What It Looks Like
Jeffrey Sachs↱ explains the basic summary:
It has been an extraordinary month for educational gag orders. Over the last three weeks, 71 bills have been introduced or prefiled in state legislatures across the country, a rate of roughly three bills per day. For over a year now, PEN America has been tracking these and similar bills. This is where things stand today.
• Since January 2021, 122 educational gag order bills have been introduced or prefiled in 33 different states
• 10 have become law in 9 states
• 88 are currently live
Of those currently live:
• 84 target K-12 schools
• 38 target higher education
• 48 include a mandatory punishment for those found in violation
The quick take for
social media↱ includes a particular detail: "Over the last three weeks, 71 educational gag orders (aka 'anti-CRT bills') have been introduced or prefiled. That's more than half of 122 proposed since January 2021." It is discernible in the PEN America article, but sometimes the concise point makes the point: This is not some phenomenal trend occurring across the American political spectrum, but, rather, a momentum occurring almost entirely within a particular, limited political range. In American parlance: This isn't a bothsides thing.
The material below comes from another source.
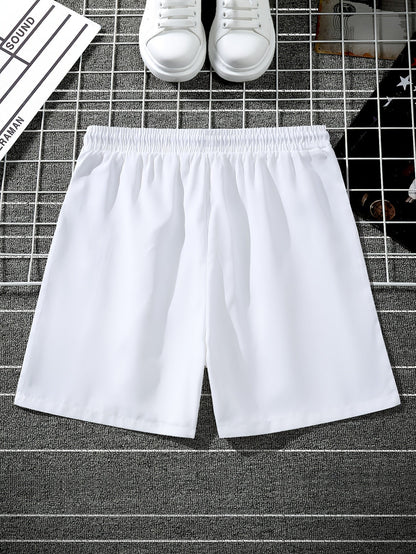 Herren Urban Streetwear Shorts mit grafischem Muster und elastischem Bund – Modische Freizeithose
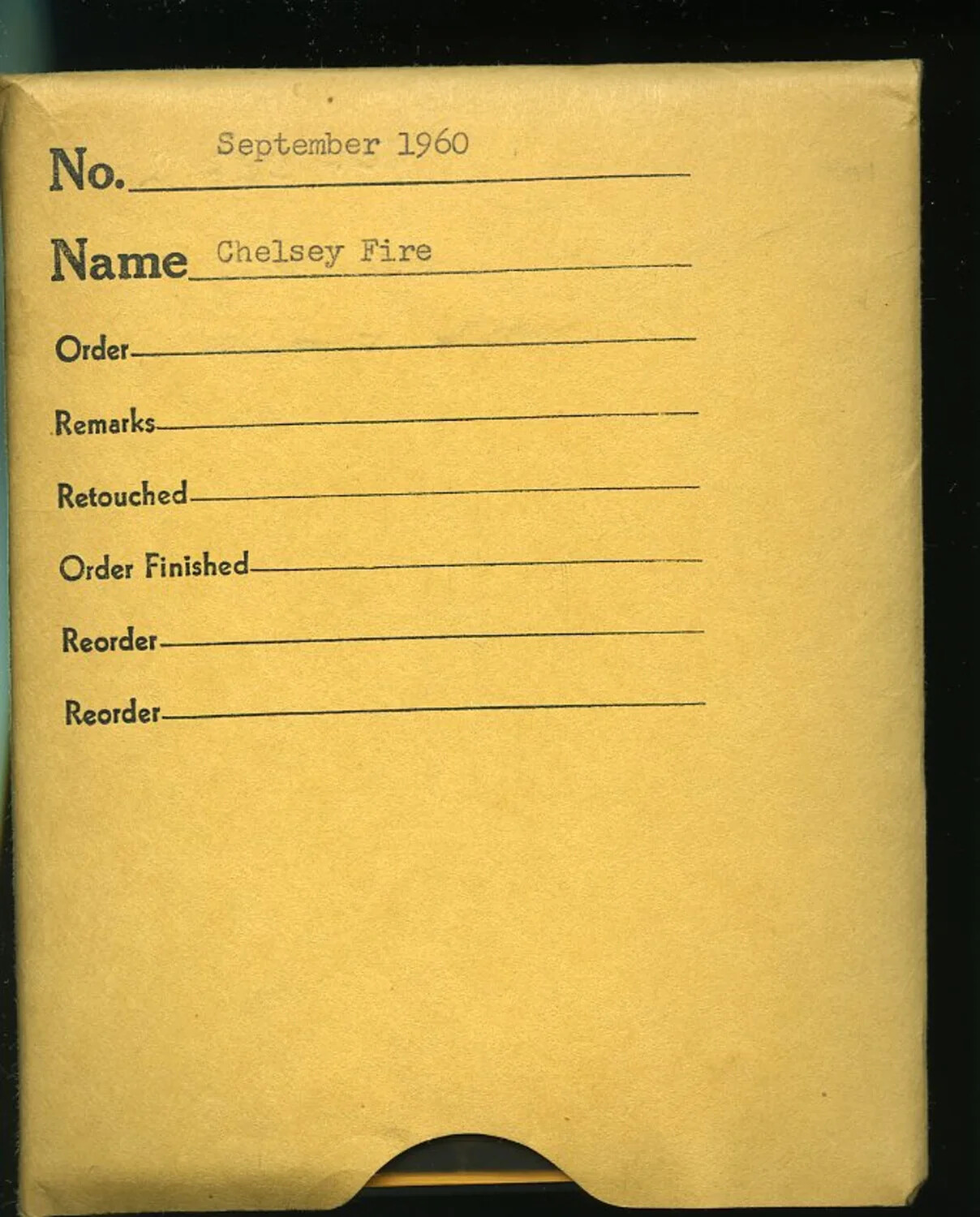 Photo Studio Negative Order Envelope, 'Chelsey Fire,' September 1960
But history is complicated, and can seem messy. For instance, thinking back through various complaints, from the contemporary outcry against "cancel culture", all the way back to a yesteryear bawling about "political correctness", the underlying commonality is that they are
countercomplaints, or even
counterrevolutionary complaints, and inasmuch as any of those complaints were ever to be construed on behalf of free speech, it seems worth observing that these gag order bills styled against "Critical Race Theory" happen to coincide with the sympathies of those countercomplaints.
And if we need any more of an injection of American traditionalism, Indiana HB 1040, which smacks of both the anti-gay state ballots of the 1990s, and the Red Scare of the 1950s. Sachs explains:
After rattling off a similar list of prohibited ideas, it mandates that teachers adopt a posture of impartiality in any conversation about controversial historical events. But it then goes on to state that in the run-up to a general election, students must be taught that:
Socialism, Marxism, communism, totalitarianism, or similar political systems are incompatible with and in conflict with the principles of freedom upon which the United States was founded. In addition, students must be instructed that if any of these political systems were to replace the current form of government, the government of the United States would be overthrown and existing freedoms under the Constitution of the United States would no longer exist. As such, socialism, Marxism, communism, totalitarianism, or similar political systems are detrimental to the people of the United States.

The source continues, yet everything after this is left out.